NBN Co believes an outage on December 21 that knocked about 40 percent of Sky Muster users offline for about seven hours was caused by a micrometeorite colliding with one of its two satellites.
The network operator was hit by a pair of outages to parts of its Sky Muster satellite network through December and early January.
The first outage started at 8.30am on December 21 when Optus - which “effectively flies our satellites”, NBN Co’s chief development officer for regional and remote Gavin Williams said - “confirmed an off-orbit condition of our second satellite, which we call our 1B satellite.”
Maxar Technologies, which owns SSL, the builder of the Sky Muster satellites, delivered its own post-incident report which Williams said pointed to a brush with a micrometeorite.

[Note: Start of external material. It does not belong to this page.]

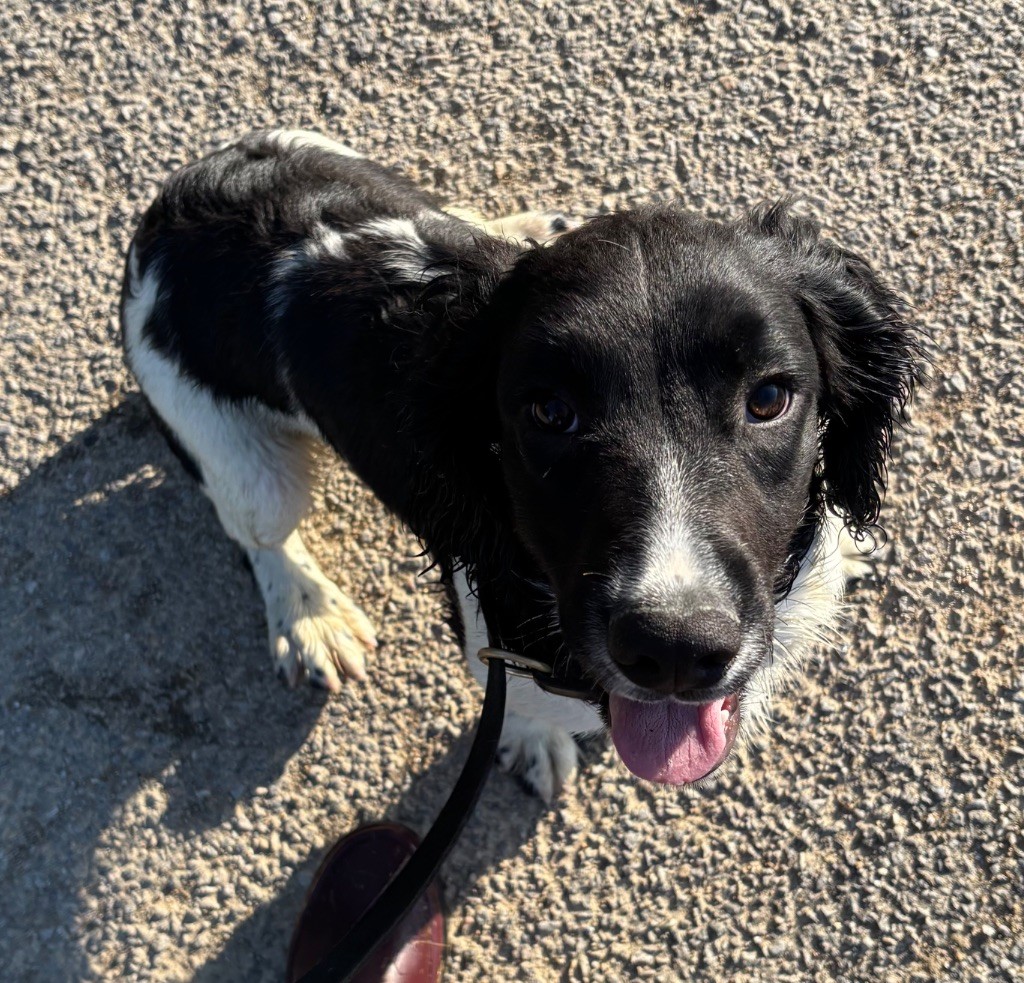 des Etangs de Dame Blanche - Chiots disponibles - English Springer Spaniel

He said the satellite is equipped with optical recognition technology “that saw some meteorite activity”, which appeared to confirm Maxar’s theory.

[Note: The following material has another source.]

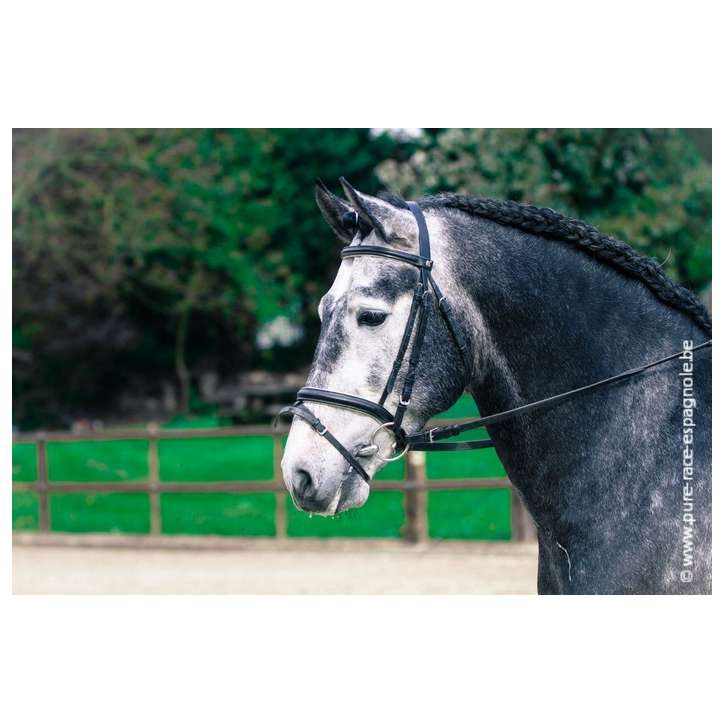 Etalon champion j chevaux France Etalon champion j chevaux France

“It cannot be 100 percent characterised as this, but all the evidence points to a micrometeorite that impacted the satellite,” Williams told a senate estimates hearing on Tuesday night.
“What that did is effectively make the satellite’s body rotate whilst it remains in its orbit, so the satellite is no longer pointing at the appropriate spot on Earth.

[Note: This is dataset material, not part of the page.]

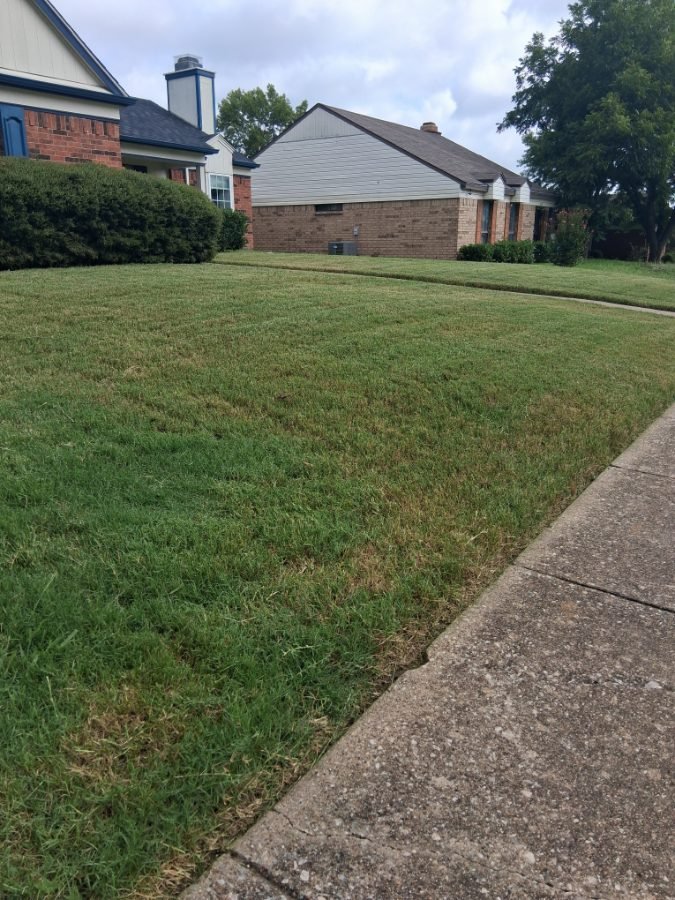 GoMow Lawn Care Service gallery 2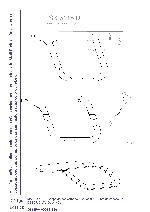 SK-3115-D.jpg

“The transmission system on that satellite effectively switched off for that period.”
Williams said the problem impacted 46,500 customers out of a total user base of about 112,000, about 40 percent of all users.
This was higher than earlier estimates that one in three users were impacted.
Williams said that the satellite was able to recover and reorient with the Earth, but not before customers had their services cut for about seven hours.
The company then suffered a further issue when all the impacted customers began reconnecting to Sky Muster, as it emerged that 573 customers could not re-establish a connection at all.
A mitigation was found and applied to get the users back online from January 6, but it appears this particular issue is still being investigated.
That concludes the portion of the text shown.